Tout comme l’ont fait ce député et ceux des autres partis, c’est pour moi un plaisir de collaborer aux initiatives visant à harmoniser la législation au pays.
Les trois dernières lois d’harmonisation ont été adoptées par les deux Chambres par consensus. Pour illustrer le tout, ces trois lois ont été adoptées à l’étape de la troisième lecture, de façon transpartisane, sans qu’un député ou un sénateur ait voté contre. Se peut-il que ce soit ce qui attend cette quatrième loi d’harmonisation? Je l’espère. Je pense que j’ai atteint mon objectif et que j’ai respecté l’engagement que j’avais fait auprès de mon leader de lire mon discours sur le projet de loi S-11 en 11 minutes. Merci.

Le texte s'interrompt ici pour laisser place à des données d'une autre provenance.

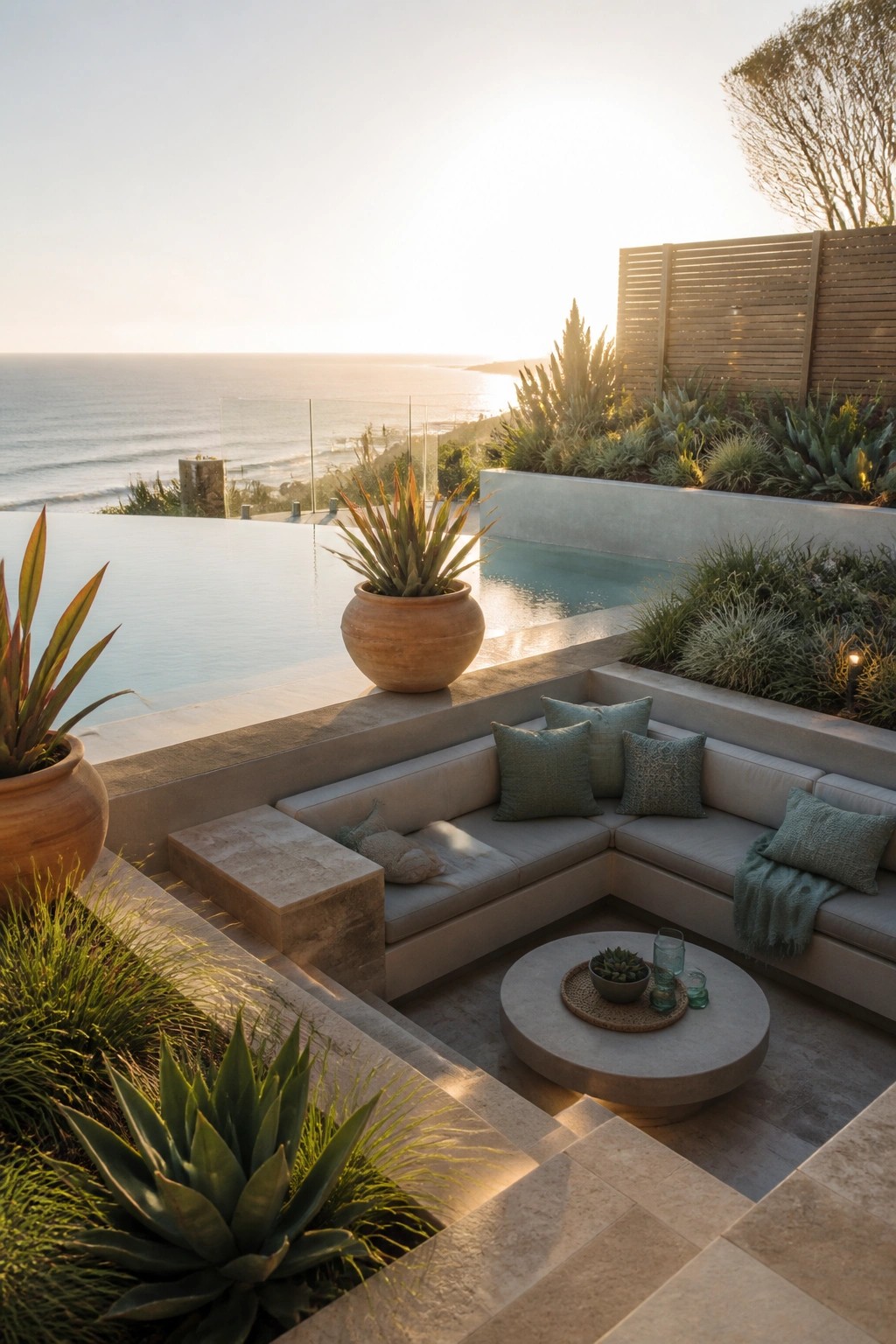 15 Inspiring Backyard Pools With Modern Landscaping for a Designer Feel An outdoor pool deck with built-in concrete L-shaped seating, round coffee table, potted plants, and ocean view.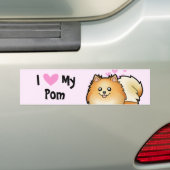 Ik hou van mijn Pomeranian Bumpersticker (Op auto)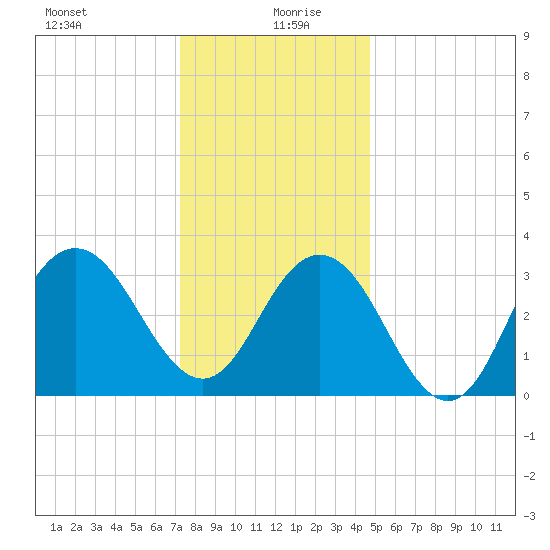 Risley Channel tide chart for Sunday, December 28, 2025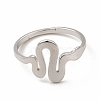 Non-Tarnish 304 Stainless Steel Snake Adjustable Ring for Women RJEW-B027-25P-2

Le sénateur accepterait-il de répondre à une question?
Cela nous fera dépasser les 11 minutes, mais oui.
Merci pour ce discours d’appui au projet de loi. Vous avez bien parlé du bijuridisme. Je suis contente d’entendre ces propos. J’ai pris note de vos commentaires concernant la chambre des notaires. Nous avons l’intention d’étudier la question au comité. Je vais vous poser la même question que j’ai posée à vos collègues civilistes dans cette Chambre. Accueillent-ils bien cette loi d’harmonisation en général, tout comme le bijuridisme en général?
Oui, cette loi est bien accueillie, même si l’on souhaiterait que cela se fasse beaucoup plus rapidement. Nous sommes conscients que c’est une situation complexe et qu’il faut énormément de temps pour réviser l’ensemble de la législation fédérale. Nous accueillons favorablement toute loi d’harmonisation, mais nous aimerions que cela se fasse plus rapidement, pour que les gens ne soient pas obligés de mener toute leur carrière sans avoir pu bénéficier des règles de bijuridisme et de bilinguisme.
Les sénateurs sont-ils prêts à se prononcer?
Vous plaît-il, honorables sénateurs, d’adopter la motion?
Des voix : D’accord.
(La motion est adoptée et le projet de loi est lu pour la deuxième fois.)